The birthday party were eating a special order of Schlesisches Himmelreich. This particular 'Silesian paradise' was a pork stew flavoured with dried fruit and hot spices. There was a cheer when the stew, in its big brown pot, first arrived. And another cheer for the bread dumplings that followed soon after. The portions were piled high.

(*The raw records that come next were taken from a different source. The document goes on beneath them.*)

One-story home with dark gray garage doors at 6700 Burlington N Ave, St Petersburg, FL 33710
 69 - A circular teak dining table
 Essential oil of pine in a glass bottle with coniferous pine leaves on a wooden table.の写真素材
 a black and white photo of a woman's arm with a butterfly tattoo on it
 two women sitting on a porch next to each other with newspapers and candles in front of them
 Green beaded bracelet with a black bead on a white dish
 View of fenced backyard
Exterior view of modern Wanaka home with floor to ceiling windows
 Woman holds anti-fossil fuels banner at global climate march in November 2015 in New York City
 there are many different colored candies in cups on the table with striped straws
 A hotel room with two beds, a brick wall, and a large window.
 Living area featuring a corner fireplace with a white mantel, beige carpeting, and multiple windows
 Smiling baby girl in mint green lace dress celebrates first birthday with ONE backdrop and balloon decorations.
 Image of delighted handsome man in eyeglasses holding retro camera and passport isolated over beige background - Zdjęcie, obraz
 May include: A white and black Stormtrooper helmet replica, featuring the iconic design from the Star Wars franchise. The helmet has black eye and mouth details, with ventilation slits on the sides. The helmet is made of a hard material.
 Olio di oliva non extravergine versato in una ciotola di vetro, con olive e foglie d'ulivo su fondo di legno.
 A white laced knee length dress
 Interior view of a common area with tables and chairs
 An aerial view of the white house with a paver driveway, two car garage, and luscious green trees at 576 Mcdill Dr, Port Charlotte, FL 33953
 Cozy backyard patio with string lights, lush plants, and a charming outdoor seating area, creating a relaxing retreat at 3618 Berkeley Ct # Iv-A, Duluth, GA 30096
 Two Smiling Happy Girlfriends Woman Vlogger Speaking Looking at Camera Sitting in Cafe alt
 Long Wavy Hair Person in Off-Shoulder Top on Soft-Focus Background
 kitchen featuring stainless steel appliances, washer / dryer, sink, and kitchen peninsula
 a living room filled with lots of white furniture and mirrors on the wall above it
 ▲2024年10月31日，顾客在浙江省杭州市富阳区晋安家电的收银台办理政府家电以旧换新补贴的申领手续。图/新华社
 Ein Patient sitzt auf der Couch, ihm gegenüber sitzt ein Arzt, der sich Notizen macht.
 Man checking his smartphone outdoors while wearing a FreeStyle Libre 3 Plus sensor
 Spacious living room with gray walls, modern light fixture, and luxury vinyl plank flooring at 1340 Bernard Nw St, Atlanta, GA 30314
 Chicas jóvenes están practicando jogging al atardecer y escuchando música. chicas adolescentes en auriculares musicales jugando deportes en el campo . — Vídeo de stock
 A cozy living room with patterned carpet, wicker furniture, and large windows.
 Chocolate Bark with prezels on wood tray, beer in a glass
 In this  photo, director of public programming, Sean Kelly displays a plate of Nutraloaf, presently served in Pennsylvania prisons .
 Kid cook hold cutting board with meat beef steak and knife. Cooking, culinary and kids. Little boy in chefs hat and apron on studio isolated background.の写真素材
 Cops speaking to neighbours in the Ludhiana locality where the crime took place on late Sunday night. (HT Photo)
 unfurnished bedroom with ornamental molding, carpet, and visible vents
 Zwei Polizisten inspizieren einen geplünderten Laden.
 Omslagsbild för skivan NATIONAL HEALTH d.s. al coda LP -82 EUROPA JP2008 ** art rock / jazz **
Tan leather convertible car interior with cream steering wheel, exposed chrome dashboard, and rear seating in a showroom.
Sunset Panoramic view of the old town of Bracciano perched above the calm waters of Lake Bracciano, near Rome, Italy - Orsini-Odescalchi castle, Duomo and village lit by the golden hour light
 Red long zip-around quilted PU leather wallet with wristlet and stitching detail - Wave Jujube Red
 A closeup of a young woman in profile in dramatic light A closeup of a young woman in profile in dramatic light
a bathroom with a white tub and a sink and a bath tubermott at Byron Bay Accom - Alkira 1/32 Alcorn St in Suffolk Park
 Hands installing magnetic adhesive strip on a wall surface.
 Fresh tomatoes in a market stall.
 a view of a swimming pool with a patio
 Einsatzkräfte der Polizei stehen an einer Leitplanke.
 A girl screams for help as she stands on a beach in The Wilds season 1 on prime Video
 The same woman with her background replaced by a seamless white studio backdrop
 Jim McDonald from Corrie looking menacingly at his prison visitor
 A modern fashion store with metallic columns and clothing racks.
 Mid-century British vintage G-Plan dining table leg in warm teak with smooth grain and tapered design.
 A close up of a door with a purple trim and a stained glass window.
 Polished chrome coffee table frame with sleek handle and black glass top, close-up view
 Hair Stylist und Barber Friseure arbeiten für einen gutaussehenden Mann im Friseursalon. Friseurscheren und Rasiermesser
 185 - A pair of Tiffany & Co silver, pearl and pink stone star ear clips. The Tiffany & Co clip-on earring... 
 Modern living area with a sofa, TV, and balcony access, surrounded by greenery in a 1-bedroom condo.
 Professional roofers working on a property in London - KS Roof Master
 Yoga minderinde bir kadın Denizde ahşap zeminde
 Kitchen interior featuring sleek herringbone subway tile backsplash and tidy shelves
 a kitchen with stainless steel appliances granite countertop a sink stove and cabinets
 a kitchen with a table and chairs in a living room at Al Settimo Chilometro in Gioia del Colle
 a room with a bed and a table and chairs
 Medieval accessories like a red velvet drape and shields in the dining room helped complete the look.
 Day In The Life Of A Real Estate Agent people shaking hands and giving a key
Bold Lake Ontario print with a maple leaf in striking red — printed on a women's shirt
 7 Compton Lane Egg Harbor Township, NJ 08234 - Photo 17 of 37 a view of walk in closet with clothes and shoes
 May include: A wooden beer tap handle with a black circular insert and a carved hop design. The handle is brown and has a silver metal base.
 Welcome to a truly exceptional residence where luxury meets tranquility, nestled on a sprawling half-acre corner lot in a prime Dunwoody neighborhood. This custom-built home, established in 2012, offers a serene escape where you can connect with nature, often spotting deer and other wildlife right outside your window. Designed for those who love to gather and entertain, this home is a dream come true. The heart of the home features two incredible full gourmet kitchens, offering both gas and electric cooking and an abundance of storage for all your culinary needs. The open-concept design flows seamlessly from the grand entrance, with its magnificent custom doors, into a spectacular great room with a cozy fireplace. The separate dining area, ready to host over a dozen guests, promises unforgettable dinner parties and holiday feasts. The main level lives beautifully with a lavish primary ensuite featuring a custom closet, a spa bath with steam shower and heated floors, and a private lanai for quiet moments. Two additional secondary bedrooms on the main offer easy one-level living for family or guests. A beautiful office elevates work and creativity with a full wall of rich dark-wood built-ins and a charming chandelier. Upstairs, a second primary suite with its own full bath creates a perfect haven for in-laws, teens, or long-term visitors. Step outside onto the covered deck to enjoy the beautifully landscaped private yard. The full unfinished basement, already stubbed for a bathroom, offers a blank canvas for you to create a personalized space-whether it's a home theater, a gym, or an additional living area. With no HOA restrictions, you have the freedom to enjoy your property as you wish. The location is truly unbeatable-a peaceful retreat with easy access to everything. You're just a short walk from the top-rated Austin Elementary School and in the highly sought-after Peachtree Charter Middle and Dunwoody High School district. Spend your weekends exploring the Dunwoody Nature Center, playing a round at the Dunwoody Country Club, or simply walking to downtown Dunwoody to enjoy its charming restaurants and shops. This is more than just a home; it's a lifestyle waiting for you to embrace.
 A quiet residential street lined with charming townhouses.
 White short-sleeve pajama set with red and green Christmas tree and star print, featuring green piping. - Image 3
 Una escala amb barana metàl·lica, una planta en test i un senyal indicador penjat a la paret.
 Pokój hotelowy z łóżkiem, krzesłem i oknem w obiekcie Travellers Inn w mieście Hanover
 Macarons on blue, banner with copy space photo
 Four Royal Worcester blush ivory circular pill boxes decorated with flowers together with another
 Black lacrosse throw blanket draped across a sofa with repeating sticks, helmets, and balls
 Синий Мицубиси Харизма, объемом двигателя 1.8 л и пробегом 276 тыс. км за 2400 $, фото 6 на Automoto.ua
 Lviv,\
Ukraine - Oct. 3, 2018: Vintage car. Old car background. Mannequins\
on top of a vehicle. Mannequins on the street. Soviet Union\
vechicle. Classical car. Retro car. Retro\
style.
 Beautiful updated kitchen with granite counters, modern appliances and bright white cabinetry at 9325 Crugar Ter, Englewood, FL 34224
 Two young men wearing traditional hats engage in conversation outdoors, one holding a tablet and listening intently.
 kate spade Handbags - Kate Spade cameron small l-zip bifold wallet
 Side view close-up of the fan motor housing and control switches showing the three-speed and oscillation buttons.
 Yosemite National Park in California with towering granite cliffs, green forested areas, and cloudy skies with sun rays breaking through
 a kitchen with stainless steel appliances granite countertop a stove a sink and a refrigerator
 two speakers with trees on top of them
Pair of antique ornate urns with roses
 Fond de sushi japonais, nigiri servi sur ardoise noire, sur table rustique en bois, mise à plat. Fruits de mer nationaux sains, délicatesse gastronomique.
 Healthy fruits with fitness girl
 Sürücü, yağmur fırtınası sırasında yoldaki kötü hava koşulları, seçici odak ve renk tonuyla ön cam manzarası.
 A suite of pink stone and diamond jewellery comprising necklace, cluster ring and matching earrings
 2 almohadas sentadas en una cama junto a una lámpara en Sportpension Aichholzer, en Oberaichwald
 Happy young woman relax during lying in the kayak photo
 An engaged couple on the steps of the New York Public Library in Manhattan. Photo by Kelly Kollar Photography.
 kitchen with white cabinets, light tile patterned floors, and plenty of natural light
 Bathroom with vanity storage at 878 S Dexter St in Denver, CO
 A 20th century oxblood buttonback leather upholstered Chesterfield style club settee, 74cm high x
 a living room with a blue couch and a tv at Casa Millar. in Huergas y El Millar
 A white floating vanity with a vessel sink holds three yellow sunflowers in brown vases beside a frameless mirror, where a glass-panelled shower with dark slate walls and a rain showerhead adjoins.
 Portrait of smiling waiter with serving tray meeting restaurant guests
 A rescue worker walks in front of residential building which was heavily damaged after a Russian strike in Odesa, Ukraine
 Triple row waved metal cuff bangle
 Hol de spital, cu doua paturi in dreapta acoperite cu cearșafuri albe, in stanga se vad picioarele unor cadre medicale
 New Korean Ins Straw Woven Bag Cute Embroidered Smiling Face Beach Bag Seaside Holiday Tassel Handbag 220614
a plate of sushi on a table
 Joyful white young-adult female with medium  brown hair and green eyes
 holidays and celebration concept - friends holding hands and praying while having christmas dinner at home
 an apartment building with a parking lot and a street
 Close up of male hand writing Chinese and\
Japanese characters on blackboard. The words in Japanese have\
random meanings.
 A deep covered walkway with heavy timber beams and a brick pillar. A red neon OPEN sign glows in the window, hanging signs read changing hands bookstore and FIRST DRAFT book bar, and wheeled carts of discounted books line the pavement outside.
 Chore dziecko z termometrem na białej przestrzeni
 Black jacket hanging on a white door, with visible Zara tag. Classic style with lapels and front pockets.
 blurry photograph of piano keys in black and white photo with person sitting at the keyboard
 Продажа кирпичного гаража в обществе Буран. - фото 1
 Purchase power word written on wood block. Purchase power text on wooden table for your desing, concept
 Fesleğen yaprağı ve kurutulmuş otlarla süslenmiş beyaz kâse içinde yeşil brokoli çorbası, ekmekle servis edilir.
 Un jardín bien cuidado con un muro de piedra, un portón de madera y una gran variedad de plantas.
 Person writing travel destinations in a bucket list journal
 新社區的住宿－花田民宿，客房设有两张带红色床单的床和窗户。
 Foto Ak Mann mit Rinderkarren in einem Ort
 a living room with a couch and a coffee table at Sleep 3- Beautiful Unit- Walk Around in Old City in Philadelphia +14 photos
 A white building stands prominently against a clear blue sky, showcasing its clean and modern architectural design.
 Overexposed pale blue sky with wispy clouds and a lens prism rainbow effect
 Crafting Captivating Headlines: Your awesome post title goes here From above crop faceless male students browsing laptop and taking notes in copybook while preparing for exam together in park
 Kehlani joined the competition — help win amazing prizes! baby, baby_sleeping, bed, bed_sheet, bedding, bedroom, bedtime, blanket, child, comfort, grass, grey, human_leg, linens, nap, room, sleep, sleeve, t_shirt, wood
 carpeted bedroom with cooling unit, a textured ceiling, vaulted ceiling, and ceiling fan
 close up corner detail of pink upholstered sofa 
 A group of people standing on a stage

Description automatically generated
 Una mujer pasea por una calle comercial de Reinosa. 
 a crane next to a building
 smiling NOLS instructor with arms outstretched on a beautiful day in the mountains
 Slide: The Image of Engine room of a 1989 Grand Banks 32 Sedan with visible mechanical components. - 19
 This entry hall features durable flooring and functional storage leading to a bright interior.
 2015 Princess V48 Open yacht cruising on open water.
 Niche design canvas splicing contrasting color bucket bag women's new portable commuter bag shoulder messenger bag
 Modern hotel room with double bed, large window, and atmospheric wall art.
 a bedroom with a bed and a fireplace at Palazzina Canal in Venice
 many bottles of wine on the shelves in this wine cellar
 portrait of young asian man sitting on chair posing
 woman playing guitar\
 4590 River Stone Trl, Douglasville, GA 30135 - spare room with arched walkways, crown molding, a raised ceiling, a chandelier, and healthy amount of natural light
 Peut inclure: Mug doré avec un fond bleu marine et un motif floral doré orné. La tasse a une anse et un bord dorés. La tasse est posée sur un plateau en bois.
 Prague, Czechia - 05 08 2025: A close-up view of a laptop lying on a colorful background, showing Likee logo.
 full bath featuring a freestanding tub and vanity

The ladies were tackling it delicately, but the men, despite their years, were shovelling it down with gusto, and their beer was served in one-litre-size tankards which Konrad replaced as fast as they were emptied.
Manfred, the red-faced farmer whose birthday was being celebrated, kept proposing joke toasts to 'celibacy' and 'sweethearts and wives – and may they never meet' and then, more seriously, a toast for Konrad's mother who every year cooked this fine meal of Silesian favourites.
But the party did not become more high-spirited as the celebration progressed. On the contrary, everyone became more dejected, starting from the time that Manfred proposed a toast to 'absent friends'. For these elderly Germans were all from Breslau. Their beloved Silesia was now a part of Poland and they would never see it again. I'd caught their accents when they first entered the room, but now that memories occupied their minds, and alcohol loosened their tongues, the Silesian accents became far stronger. There were quick asides and rejoinders that used local words and phrases I didn't know.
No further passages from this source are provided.